_EXERCISE INSTRUCTIONS_
Please, without the pictures, restate every entry exactly.

_LISTED RECORDS_

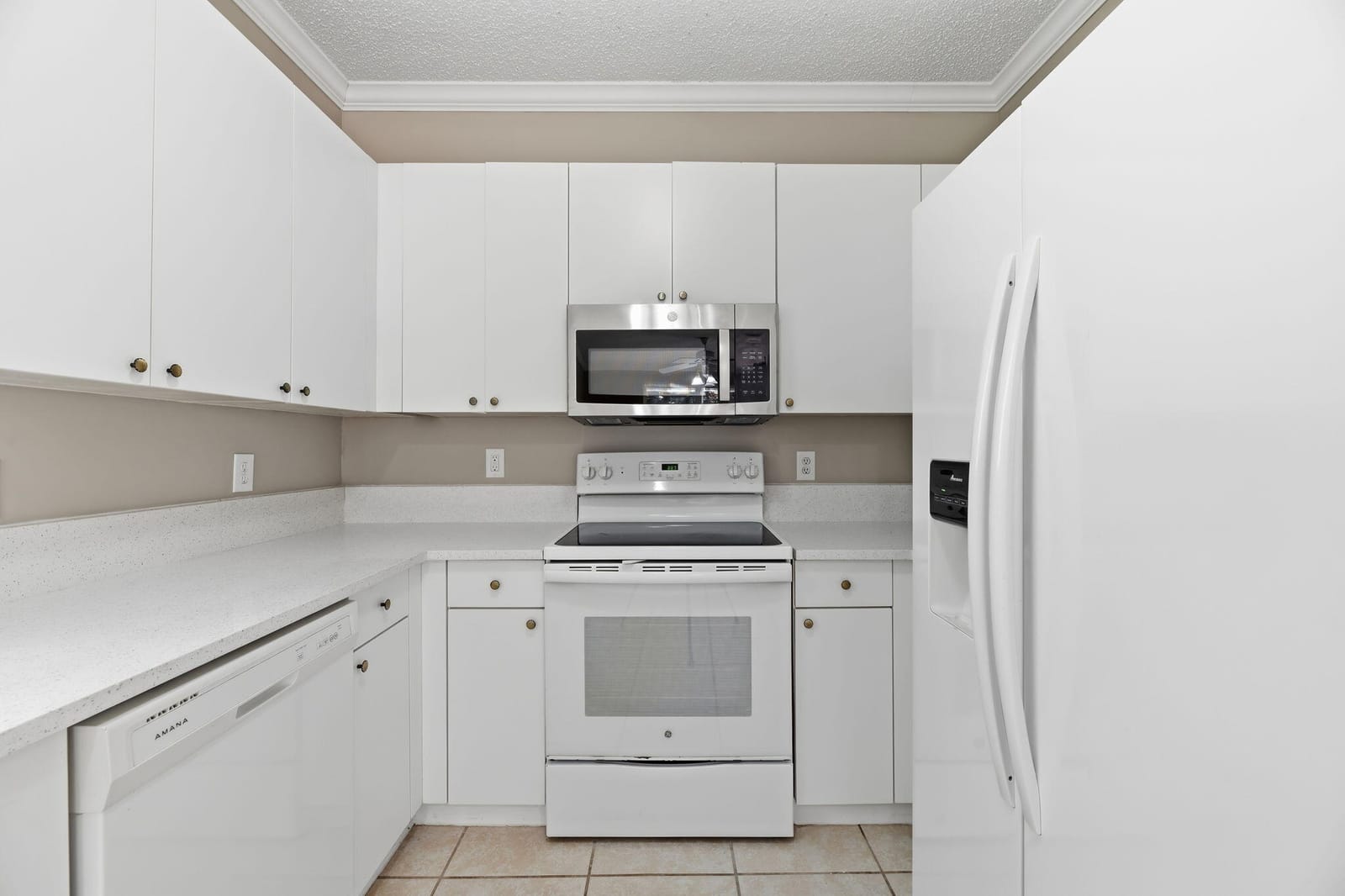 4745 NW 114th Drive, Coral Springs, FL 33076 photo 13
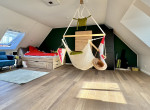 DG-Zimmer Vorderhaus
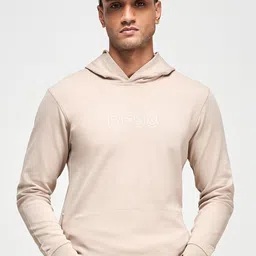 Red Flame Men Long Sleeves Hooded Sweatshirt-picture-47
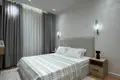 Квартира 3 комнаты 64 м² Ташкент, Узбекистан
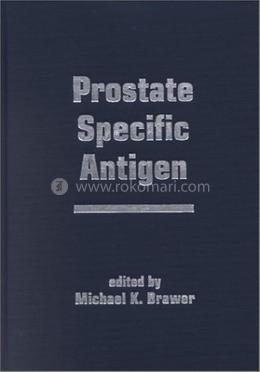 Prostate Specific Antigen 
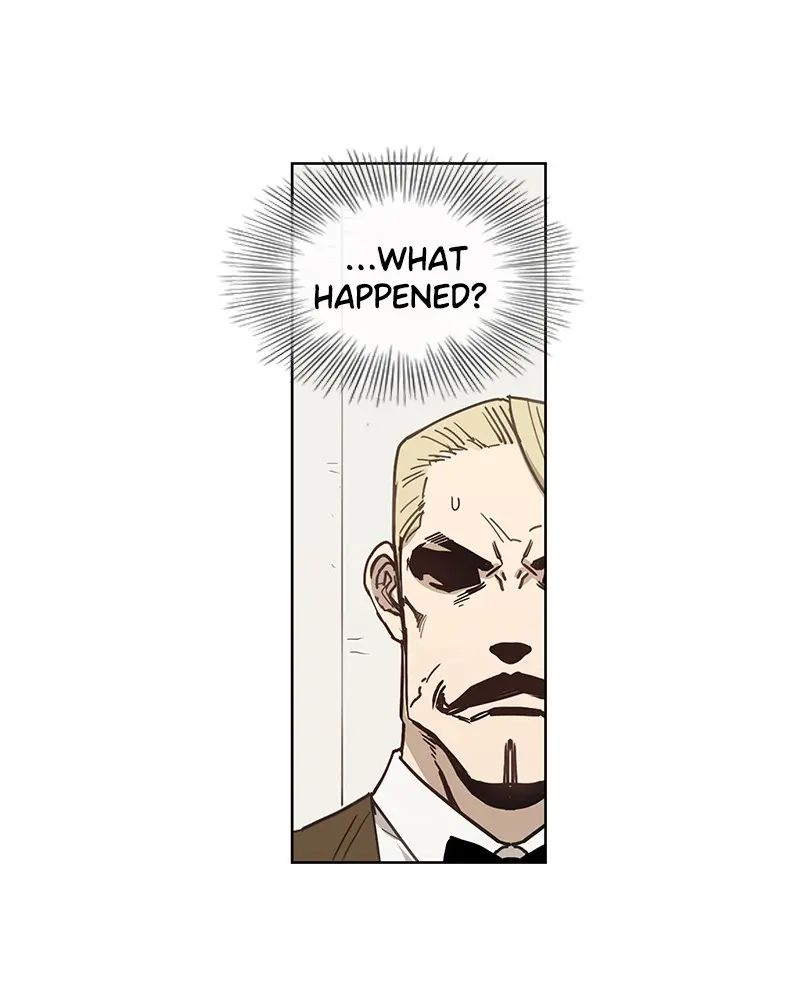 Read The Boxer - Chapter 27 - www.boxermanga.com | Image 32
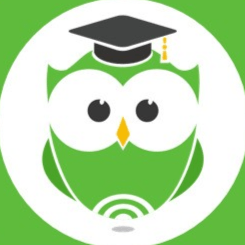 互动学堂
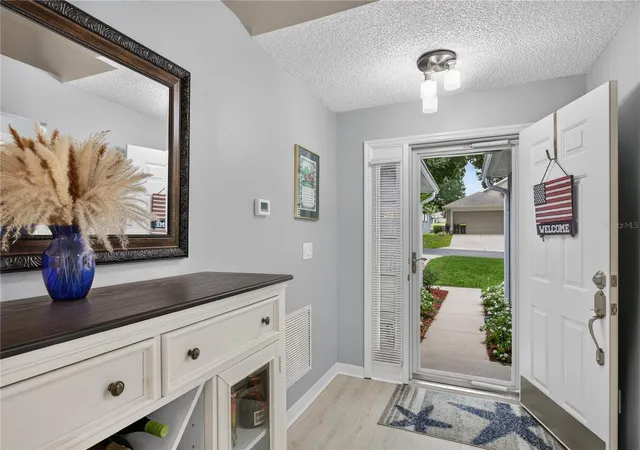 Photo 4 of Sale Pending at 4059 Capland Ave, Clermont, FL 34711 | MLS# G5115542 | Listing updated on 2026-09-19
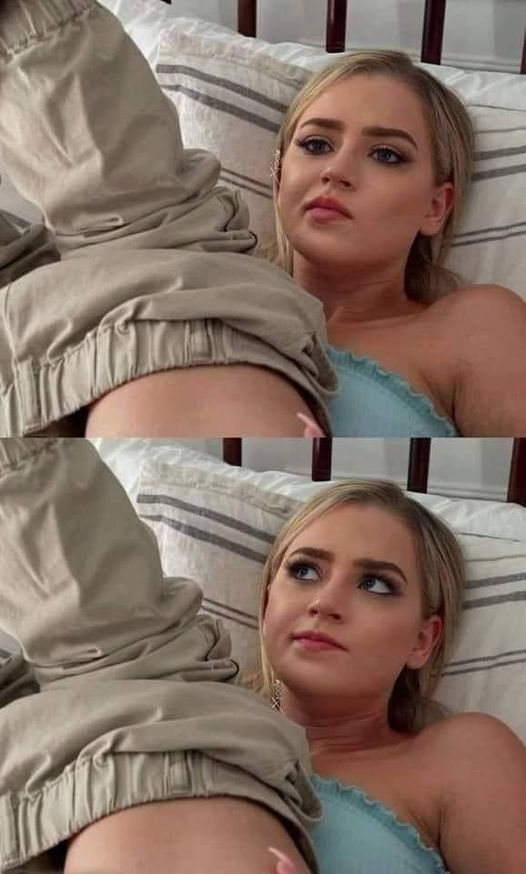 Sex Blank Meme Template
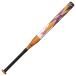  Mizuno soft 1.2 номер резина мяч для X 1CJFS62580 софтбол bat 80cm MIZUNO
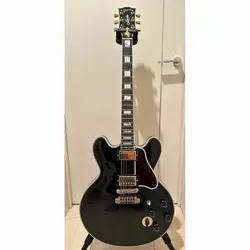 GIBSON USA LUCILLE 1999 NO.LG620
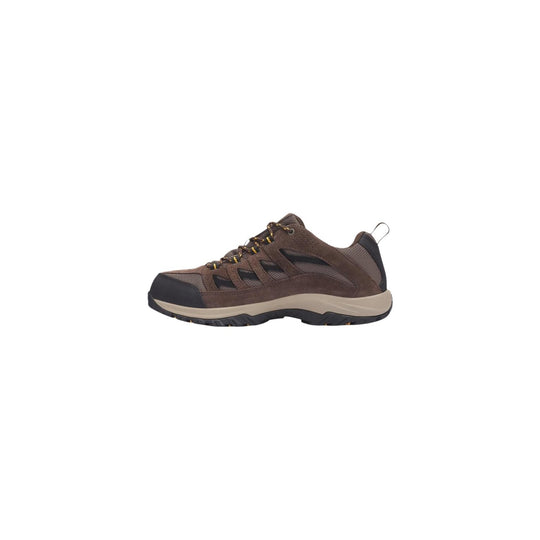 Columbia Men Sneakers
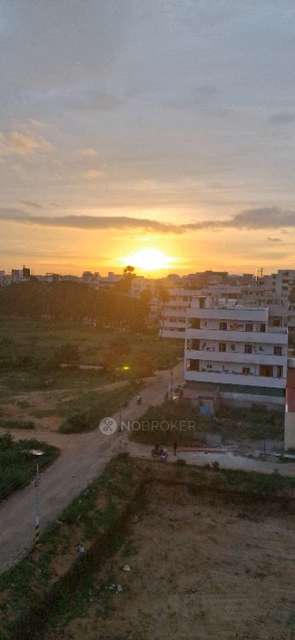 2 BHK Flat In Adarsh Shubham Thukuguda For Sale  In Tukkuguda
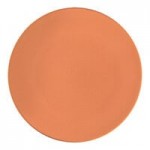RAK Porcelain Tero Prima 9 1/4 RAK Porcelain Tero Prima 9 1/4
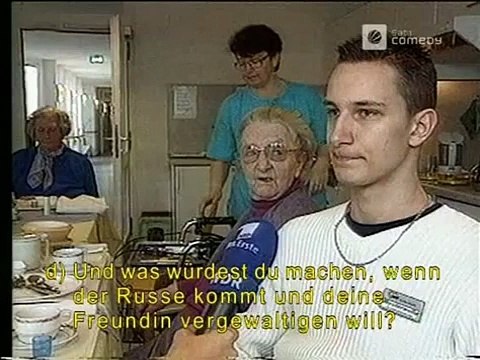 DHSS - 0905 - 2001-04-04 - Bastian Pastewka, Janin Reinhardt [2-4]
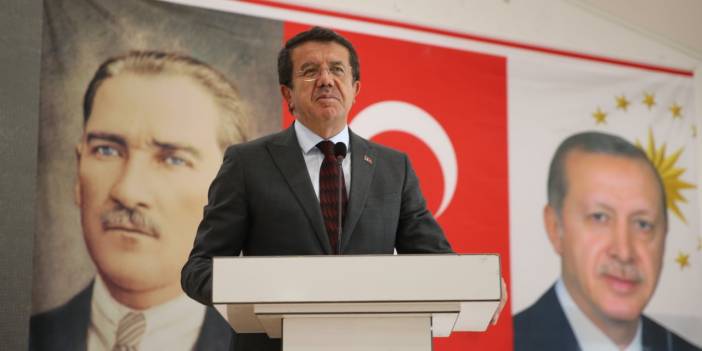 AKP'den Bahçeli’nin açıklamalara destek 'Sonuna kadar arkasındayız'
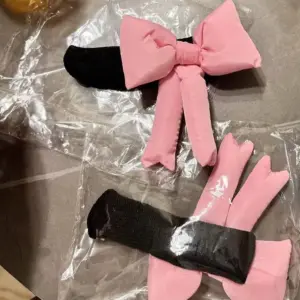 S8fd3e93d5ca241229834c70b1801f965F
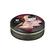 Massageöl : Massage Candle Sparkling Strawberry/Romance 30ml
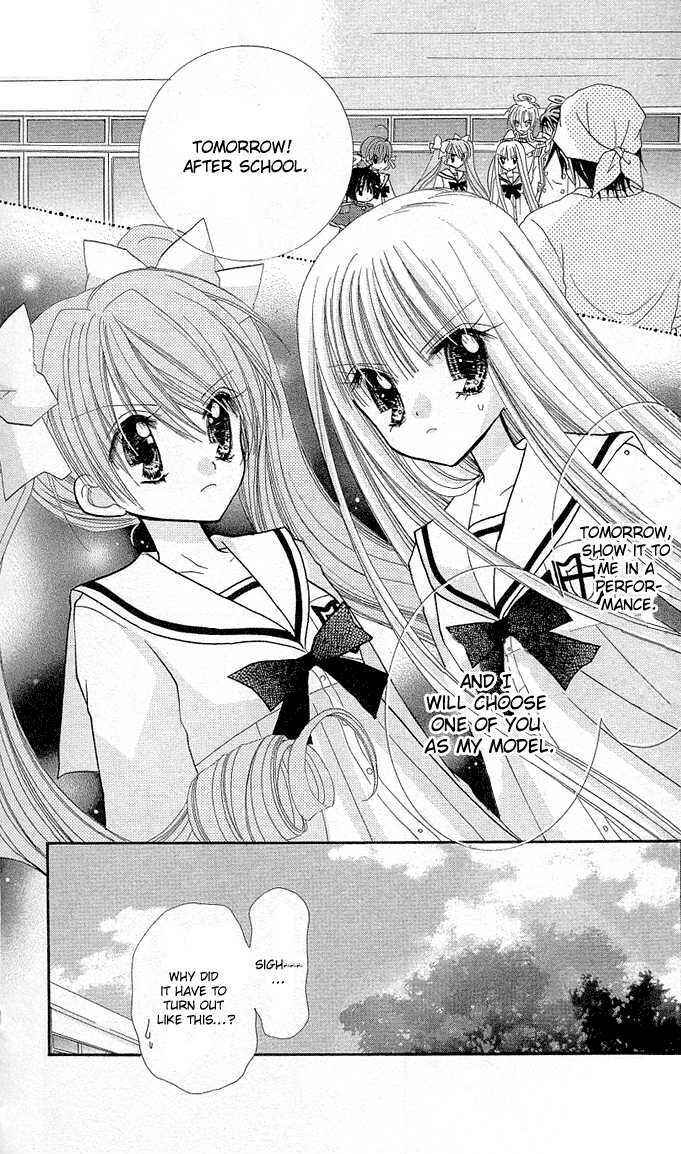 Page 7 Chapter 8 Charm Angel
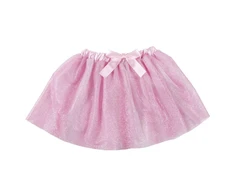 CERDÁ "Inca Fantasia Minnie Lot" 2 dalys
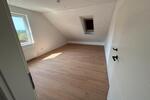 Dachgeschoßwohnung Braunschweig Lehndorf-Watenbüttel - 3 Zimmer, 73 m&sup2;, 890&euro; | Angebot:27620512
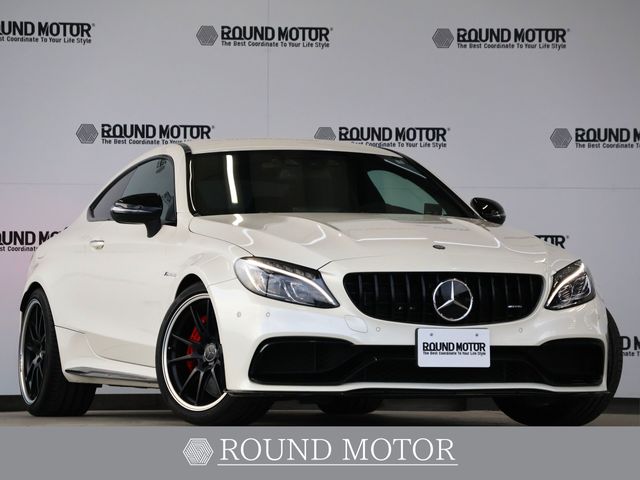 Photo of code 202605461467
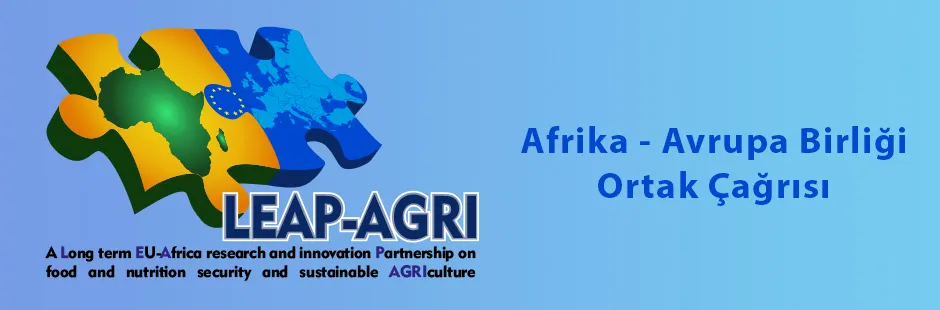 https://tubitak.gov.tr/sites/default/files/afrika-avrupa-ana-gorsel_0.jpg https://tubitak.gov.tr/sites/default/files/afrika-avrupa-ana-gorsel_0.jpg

_ANSWER BELOW_
 4745 NW 114th Drive, Coral Springs, FL 33076 photo 13
 DG-Zimmer Vorderhaus
 Red Flame Men Long Sleeves Hooded Sweatshirt-picture-47
 Квартира 3 комнаты 64 м² Ташкент, Узбекистан
 Prostate Specific Antigen 
 Read The Boxer - Chapter 27 - www.boxermanga.com | Image 32
 互动学堂
 Photo 4 of Sale Pending at 4059 Capland Ave, Clermont, FL 34711 | MLS# G5115542 | Listing updated on 2026-09-19
 Sex Blank Meme Template
  Mizuno soft 1.2 номер резина мяч для X 1CJFS62580 софтбол bat 80cm MIZUNO
 GIBSON USA LUCILLE 1999 NO.LG620
 Columbia Men Sneakers
 2 BHK Flat In Adarsh Shubham Thukuguda For Sale  In Tukkuguda
RAK Porcelain Tero Prima 9 1/4 RAK Porcelain Tero Prima 9 1/4
 DHSS - 0905 - 2001-04-04 - Bastian Pastewka, Janin Reinhardt [2-4]
 AKP'den Bahçeli’nin açıklamalara destek 'Sonuna kadar arkasındayız'
 S8fd3e93d5ca241229834c70b1801f965F
 Massageöl : Massage Candle Sparkling Strawberry/Romance 30ml
 Page 7 Chapter 8 Charm Angel
 CERDÁ "Inca Fantasia Minnie Lot" 2 dalys
 Dachgeschoßwohnung Braunschweig Lehndorf-Watenbüttel - 3 Zimmer, 73 m&sup2;, 890&euro; | Angebot:27620512
 Photo of code 202605461467
 https://tubitak.gov.tr/sites/default/files/afrika-avrupa-ana-gorsel_0.jpg https://tubitak.gov.tr/sites/default/files/afrika-avrupa-ana-gorsel_0.jpg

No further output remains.